Updated 23 June 2014

Sinusitis

Sinusitis, inflammation of the paranasal sinuses, is a common disease that may afflict people throughout their lives.

Summary

  • Sinusitis is inflammation of the paranasal sinuses (air-filled cavities inside the bones of the skull).
  • Sinusitis may be acute or chronic, and infectious or non-infectious.
  • Anything interfering with airflow into and drainage of mucus out of the sinuses can cause sinusitis.
  • Symptoms include headache, nasal stuffiness, facial tenderness, sore throat, cough, worsening of allergies and purulent nasal discharge.
  • Although rare, sinus infections can cause serious complications, including spread of infection and exacerbation of respiratory tract conditions.

What is sinusitis?

Sinusitis, inflammation of the paranasal sinuses, is a common disease that may afflict people throughout their lives.

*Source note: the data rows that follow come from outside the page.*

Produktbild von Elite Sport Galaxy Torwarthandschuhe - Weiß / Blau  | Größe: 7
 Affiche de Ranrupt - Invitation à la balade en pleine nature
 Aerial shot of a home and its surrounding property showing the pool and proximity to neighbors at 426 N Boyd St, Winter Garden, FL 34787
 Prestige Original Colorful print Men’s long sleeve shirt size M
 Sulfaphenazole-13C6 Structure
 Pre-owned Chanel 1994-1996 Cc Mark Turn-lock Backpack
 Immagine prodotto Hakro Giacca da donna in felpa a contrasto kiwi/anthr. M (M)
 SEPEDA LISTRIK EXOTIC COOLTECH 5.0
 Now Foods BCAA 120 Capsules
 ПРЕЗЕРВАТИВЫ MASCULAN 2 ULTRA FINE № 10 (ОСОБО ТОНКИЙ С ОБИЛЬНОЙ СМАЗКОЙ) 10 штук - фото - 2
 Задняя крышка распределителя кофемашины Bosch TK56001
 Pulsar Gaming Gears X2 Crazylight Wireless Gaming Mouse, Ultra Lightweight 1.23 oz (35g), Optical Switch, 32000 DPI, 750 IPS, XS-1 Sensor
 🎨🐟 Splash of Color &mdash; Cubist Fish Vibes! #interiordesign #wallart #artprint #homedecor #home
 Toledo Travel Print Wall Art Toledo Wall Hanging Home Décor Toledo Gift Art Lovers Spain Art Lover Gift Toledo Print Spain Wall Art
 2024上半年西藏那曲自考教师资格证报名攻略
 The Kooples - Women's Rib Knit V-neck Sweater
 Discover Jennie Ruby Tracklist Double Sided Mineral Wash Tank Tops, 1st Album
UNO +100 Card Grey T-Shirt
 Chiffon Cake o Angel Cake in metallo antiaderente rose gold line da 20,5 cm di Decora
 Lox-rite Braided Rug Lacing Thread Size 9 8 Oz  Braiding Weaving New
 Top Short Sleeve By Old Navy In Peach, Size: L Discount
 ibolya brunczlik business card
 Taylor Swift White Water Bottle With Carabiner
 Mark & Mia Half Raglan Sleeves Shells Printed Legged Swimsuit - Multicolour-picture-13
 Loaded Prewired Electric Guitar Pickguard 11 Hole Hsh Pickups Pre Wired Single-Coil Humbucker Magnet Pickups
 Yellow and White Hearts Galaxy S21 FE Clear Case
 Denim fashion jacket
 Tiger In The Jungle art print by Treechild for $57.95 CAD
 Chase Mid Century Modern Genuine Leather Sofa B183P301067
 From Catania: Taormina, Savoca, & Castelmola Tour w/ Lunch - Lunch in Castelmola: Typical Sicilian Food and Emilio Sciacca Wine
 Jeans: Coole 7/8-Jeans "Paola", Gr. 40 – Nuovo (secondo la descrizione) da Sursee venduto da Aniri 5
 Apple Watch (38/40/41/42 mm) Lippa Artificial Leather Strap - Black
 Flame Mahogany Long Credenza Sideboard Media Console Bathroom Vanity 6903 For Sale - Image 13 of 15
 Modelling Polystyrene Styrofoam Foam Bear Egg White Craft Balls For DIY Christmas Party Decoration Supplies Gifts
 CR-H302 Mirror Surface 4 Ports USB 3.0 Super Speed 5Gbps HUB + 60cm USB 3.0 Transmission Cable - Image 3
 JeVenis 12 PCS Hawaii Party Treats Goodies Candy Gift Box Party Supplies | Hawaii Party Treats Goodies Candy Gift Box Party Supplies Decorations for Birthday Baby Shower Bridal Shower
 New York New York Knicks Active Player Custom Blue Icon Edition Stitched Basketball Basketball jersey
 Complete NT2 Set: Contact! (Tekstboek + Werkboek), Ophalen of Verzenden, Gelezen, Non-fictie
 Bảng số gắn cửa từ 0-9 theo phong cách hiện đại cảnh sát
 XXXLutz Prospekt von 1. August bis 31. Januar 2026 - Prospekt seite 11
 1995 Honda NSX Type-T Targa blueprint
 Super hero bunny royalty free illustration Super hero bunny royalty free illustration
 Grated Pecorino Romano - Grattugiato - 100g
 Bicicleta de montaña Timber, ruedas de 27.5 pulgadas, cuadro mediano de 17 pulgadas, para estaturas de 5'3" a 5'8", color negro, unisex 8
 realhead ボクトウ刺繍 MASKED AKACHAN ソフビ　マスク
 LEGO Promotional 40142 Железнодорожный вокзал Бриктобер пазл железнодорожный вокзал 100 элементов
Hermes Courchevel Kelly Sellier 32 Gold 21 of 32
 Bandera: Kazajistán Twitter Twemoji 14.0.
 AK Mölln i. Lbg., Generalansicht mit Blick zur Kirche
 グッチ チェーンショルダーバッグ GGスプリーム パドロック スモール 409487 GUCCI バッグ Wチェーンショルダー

What is the prevalence of sinusitis?

Sinusitis is a common condition, affecting approximately 30% of the population at some point. Sinusitis can occur in infants and children, but is more common in adults as sinuses are undeveloped in infants and start forming during childhood. The average adult has 3-4 upper respiratory infections each year, about 1% of which are complicated by sinusitis. In addition to sinusitis associated with viral respiratory infections, many more people suffer inflammation of the sinuses because of seasonal allergic problems.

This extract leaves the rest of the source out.